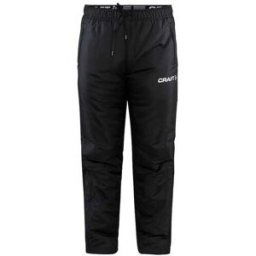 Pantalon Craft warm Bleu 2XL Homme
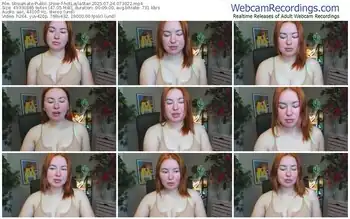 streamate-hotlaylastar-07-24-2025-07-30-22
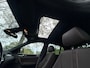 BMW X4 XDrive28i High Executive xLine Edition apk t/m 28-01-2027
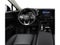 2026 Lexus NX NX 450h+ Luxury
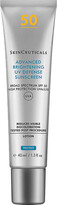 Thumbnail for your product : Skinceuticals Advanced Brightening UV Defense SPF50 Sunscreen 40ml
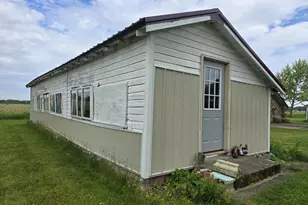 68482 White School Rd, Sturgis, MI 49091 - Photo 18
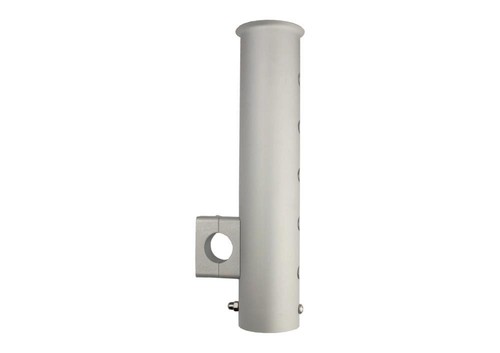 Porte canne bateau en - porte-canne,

- Work request
Copy the lines from the line that contains "Thumbnail for your" through the end of the records, exactly and with nothing added; leave the pictures out.

- Answer box
 Thumbnail for your product : Skinceuticals Advanced Brightening UV Defense SPF50 Sunscreen 40ml
 68482 White School Rd, Sturgis, MI 49091 - Photo 18
 Porte canne bateau en - porte-canne,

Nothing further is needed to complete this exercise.